Metropolitan News-Enterprise

 

Friday, November 16, 2012

 

Page 1

 

Panel Says Suit Over Tax Disclosures Was Timely

 

By a MetNews Staff Writer

 

The two-year statute of limitations for wrongful disclosure of tax return information under 26 U.S.C.§ 7431 begins to run when the plaintiff  knew or reasonably should have known of the government’s allegedly unauthorized disclosures, the Ninth U.S. Circuit Court of Appeals ruled yesterday.

 The panel, in a 2-1 decision, said such knowledge is triggered not by a single generalized event, such as notice of an audit, but rather by the plaintiff’s actual or constructive knowledge of each particular disclosure.
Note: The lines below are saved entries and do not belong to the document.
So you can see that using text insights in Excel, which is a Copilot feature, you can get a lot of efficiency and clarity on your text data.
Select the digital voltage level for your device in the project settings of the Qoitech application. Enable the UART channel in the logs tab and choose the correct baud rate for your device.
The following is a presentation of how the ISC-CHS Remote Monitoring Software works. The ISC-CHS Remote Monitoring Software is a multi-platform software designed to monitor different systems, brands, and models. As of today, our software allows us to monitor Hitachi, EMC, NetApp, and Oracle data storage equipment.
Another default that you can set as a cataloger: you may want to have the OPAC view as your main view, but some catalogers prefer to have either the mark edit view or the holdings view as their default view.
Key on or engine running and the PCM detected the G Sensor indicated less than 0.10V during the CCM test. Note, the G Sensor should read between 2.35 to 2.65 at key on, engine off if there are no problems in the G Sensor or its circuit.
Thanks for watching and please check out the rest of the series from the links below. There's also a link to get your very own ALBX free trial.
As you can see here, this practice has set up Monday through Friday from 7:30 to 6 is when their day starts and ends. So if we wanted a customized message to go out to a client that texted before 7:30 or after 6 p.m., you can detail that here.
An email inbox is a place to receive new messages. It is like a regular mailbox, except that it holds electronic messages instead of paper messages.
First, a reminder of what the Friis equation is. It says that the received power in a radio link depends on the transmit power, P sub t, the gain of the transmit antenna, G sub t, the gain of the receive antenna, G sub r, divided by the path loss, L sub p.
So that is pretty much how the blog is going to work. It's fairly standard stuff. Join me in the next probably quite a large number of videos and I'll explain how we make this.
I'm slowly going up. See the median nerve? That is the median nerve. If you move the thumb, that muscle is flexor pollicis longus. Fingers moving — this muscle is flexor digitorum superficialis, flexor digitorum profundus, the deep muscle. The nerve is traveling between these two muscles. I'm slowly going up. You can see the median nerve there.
In 1999, a group of taxpayers filed a complaint in federal district court alleging that the IRS had disclosed false information to the Japanese National Tax Administration in violation of 26 U.S.C. § 6103(a), which gives taxpayers the right to bring a civil action against the government for an IRS employee’s knowing or negligent unauthorized disclosure of a taxpayer’s return information.  The plaintiffs also alleged that the IRS had wrongfully disclosed such information even though it knew or should have known that the Japanese NTA would leak it.
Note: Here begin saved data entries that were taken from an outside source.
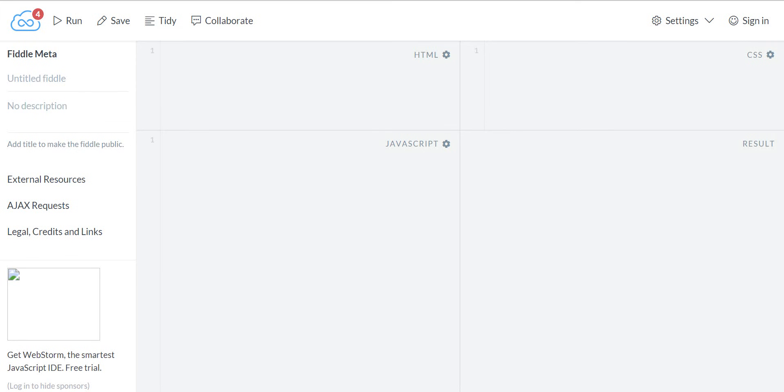Alright, so we're going to do DOM manipulation.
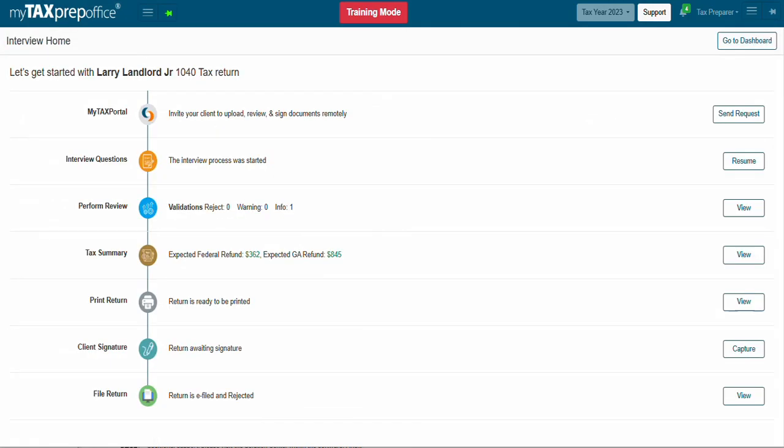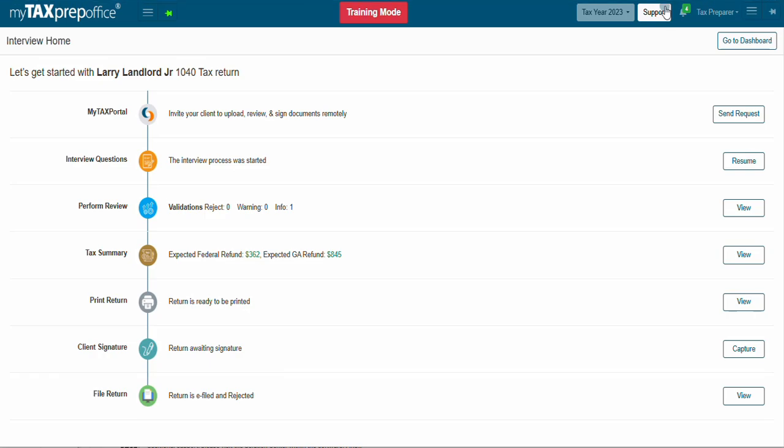This completes the training video on how to e-file a return in MyTaxPrepOffice interview mode. If you have additional questions, please visit the Solutions Center by clicking the Support button at the top of your MyTaxPrepOffice screen. Thank you for watching!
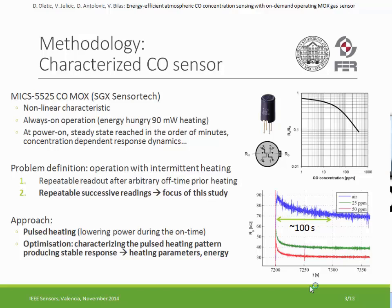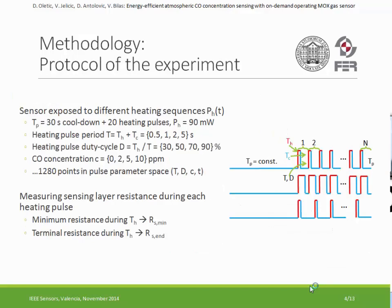Our approach was to apply a pulsed heating pattern to the heater after power-on, since pulsed heating allows us to lower active power consumption. The work presented here performs the characterization of the pulsed heating pattern in terms of heating parameters and energy, such that it produces a stable sensor response.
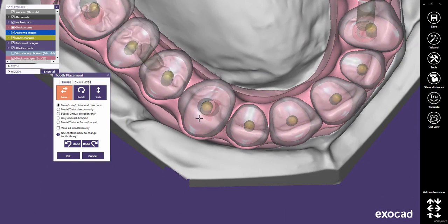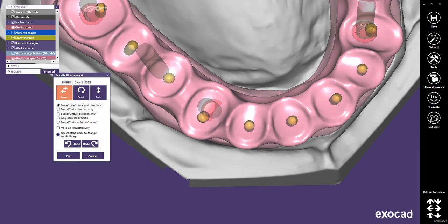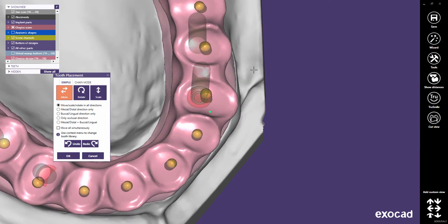On teeth with implants, I try to avoid placing the retentions in the areas of the screw channels, as the screw channels may cut away parts of the retentions.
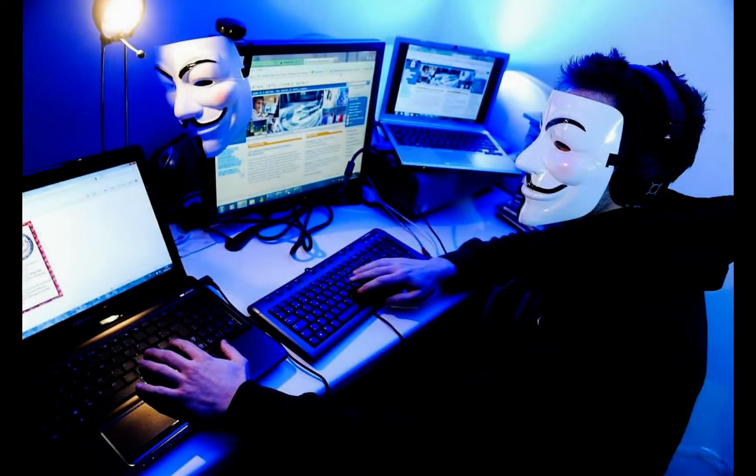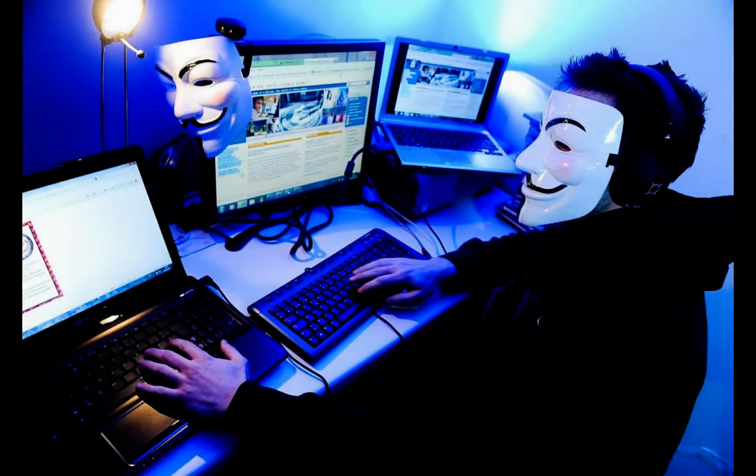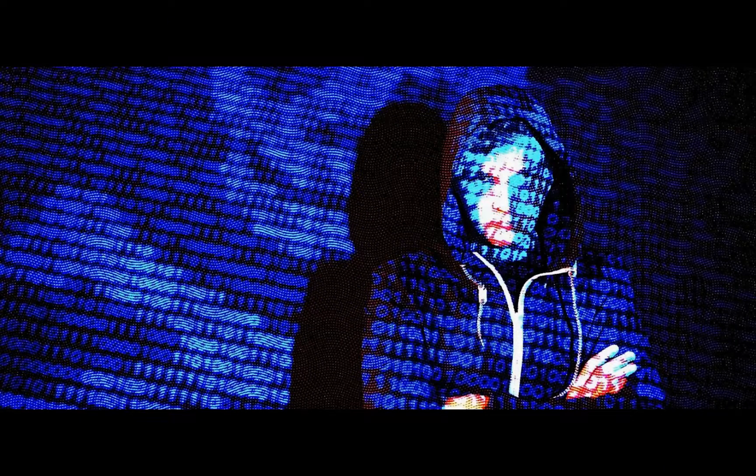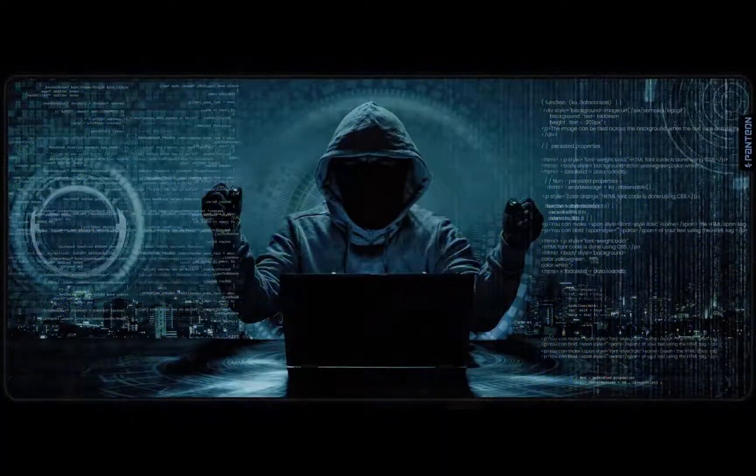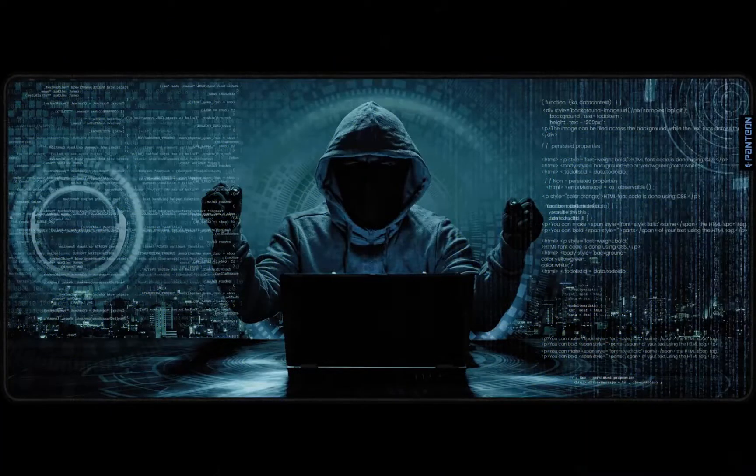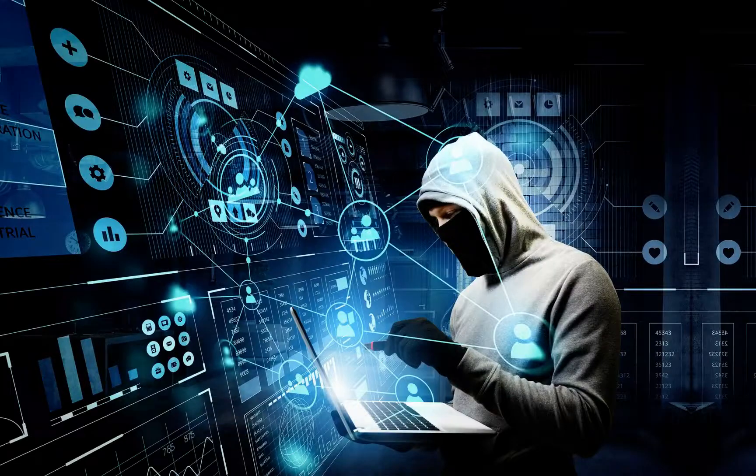The competition should be attended by specialists in cybersecurity, countering disinformation, and IT experts in the private and public sectors.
The government maintained that the court had no subject matter jurisdiction because the plaintiffs’ claims were barred under § 7431(d) of the statute, which provides that a claim for wrongful disclosure of tax return information “may be brought . . . at any time within 2 years after the date of discovery by the plaintiff of the unauthorized inspection or disclosure.” It argued that the statute of limitations should have started running in August 1996, when the IRS informed the plaintiffs of the IRS/NTA joint investigation.

But the plaintiffs countered that the government didn’t wrongfully disclose the information until a meeting in Tokyo in November 1996. 

In siding with the taxpayers, the court stated that the government’s reading of the statute of limitations would seriously undermine the statute’s protections.

Judge Sidney R. Thomas, writing for the majority, said:

“General notice of an audit cannot put someone on inquiry notice of a specific conversation or disclosure that has not yet occurred. Thus, it does not make sense for the statute of limitations to begin to run on a single date for all disclosures if some of the allegedly unauthorized disclosures have not yet been made… The statute does not start running until the plaintiff’s actual or constructive knowledge of each particular disclosure.”

Explaining its reasoning, the judge noted that a “multi-jurisdictional audit may take many years, and the taxpayer may well not learn of unauthorized disclosures until a lengthy audit is completed. If inquiry notice were triggered by audit notice alone, the statute would likely run in most cases before the taxpayer learned of any unauthorized disclosure.”

The government also argued that even if it knowingly made false disclosures, it was immune from liability because it had made a good-faith misinterpretation of the relevant tax treaty.  The panel held that the defense of good faith does not apply when the government knowingly discloses false information to a tax treaty partner.

Senior Judge J. Clifford Wallace dissented, arguing that the plaintiffs failed to meet their burden of proving that they first learned of the disclosures within the limitations period.

The case is Aloe Vera of America, Inc. v. the United States of America, 10-17136.